From the data that follows, set down exactly the lines from the one with "Suspension en tissu" through the one with "New 2025 Jeep", counting both. Pictures stay out.

### Material provided:
● ● ● ● ● ● ●

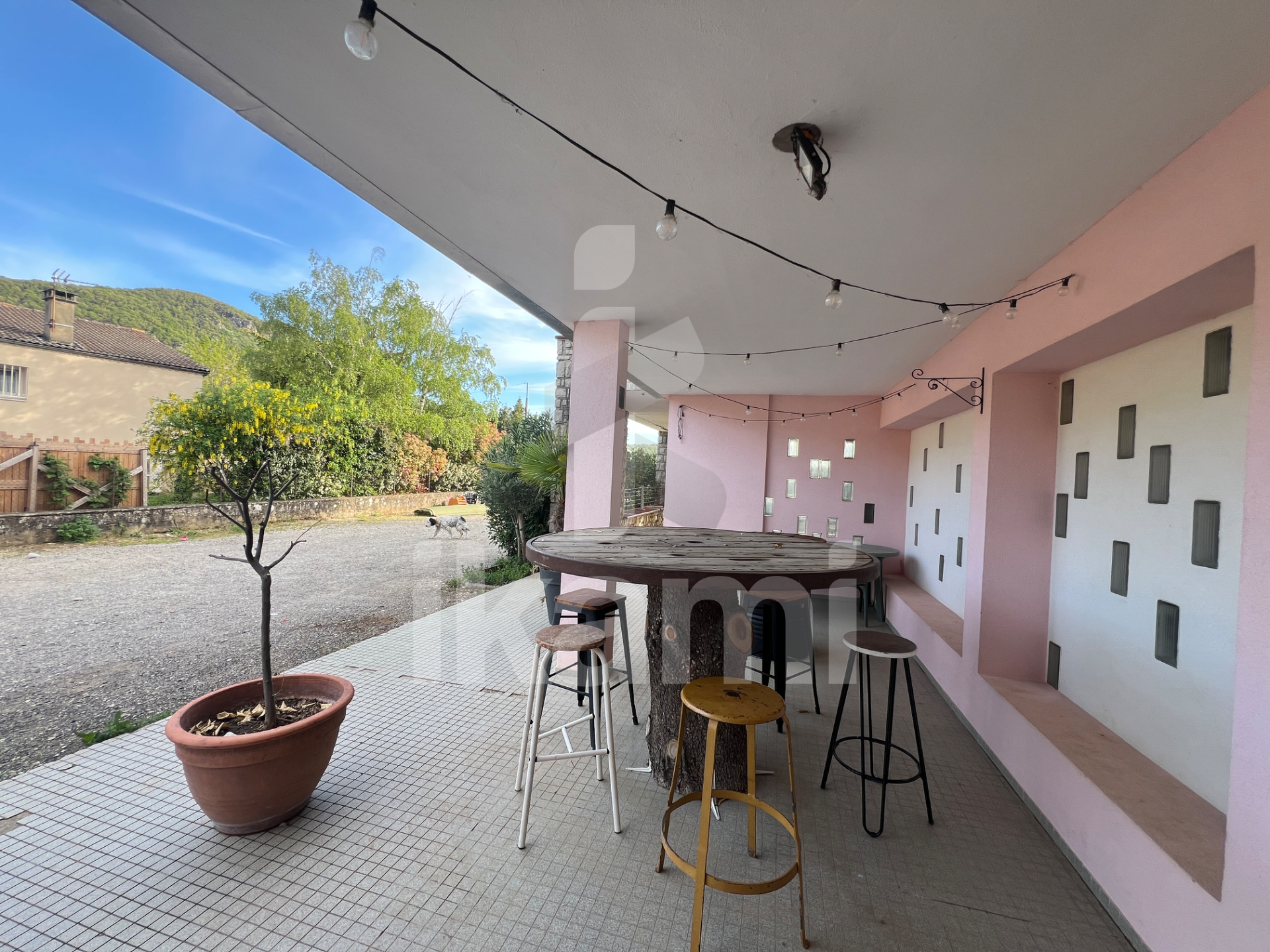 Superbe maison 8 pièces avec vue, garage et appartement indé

● ● ● ● ● ● ●

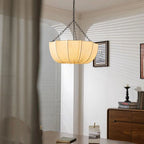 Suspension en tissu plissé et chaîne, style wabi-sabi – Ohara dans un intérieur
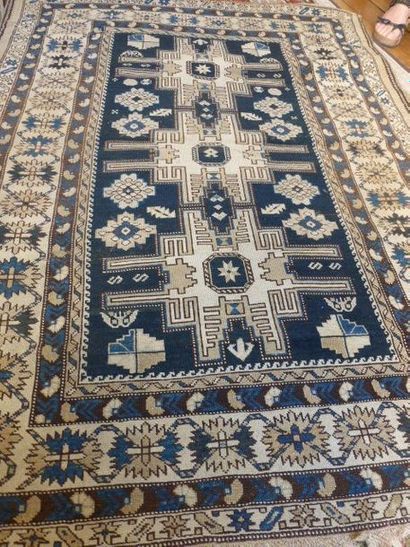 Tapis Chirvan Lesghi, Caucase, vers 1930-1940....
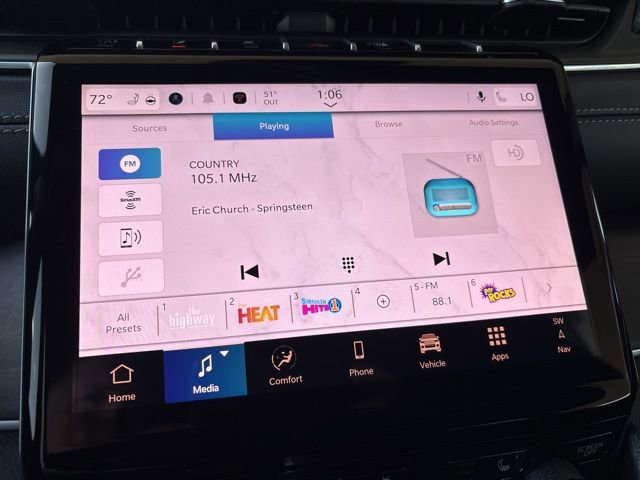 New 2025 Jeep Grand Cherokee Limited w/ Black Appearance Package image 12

● ● ● ● ● ● ●

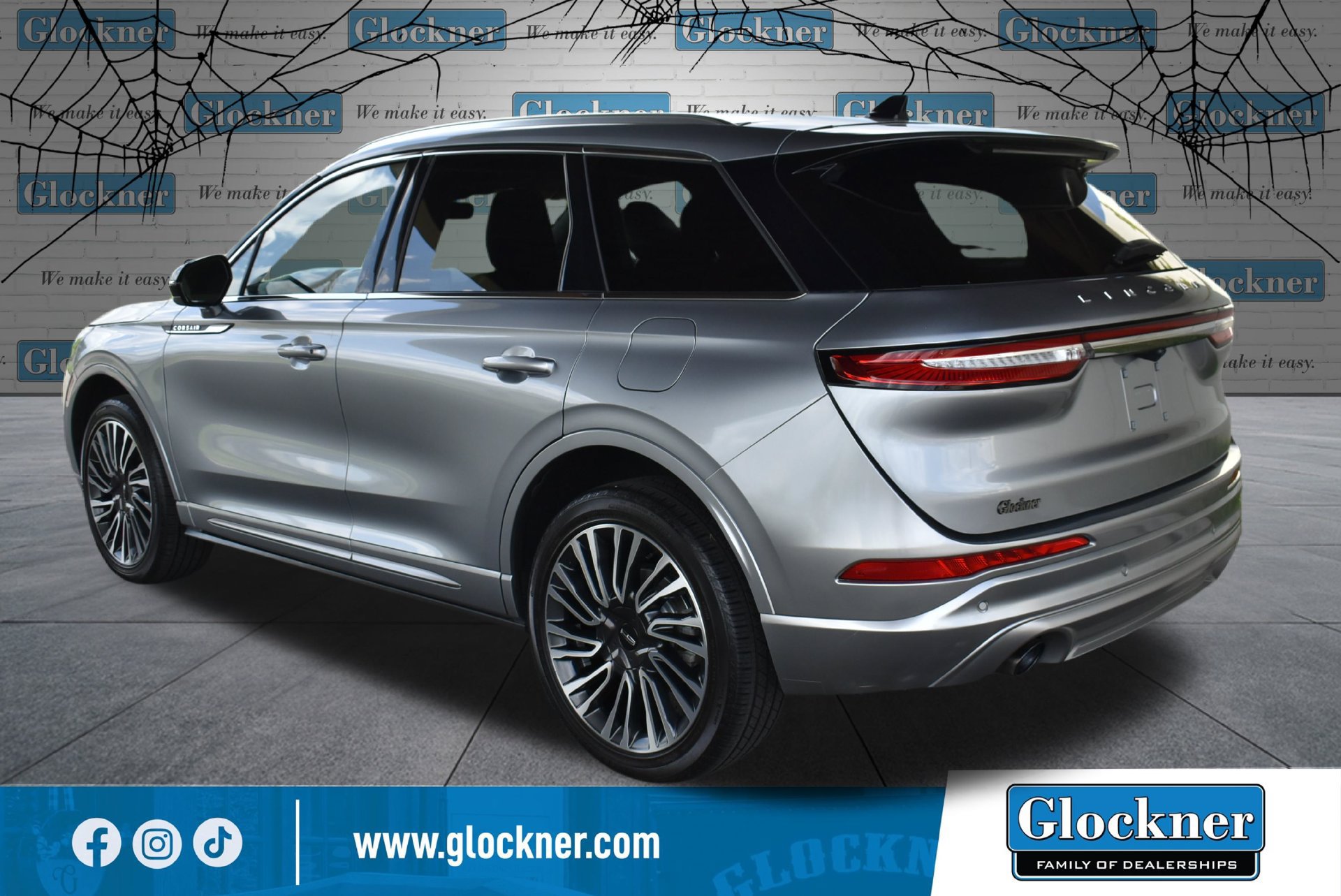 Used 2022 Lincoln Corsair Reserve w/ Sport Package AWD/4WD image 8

● ● ● ● ● ● ●

### Exercise response:
 Suspension en tissu plissé et chaîne, style wabi-sabi – Ohara dans un intérieur
 Tapis Chirvan Lesghi, Caucase, vers 1930-1940....
 New 2025 Jeep Grand Cherokee Limited w/ Black Appearance Package image 12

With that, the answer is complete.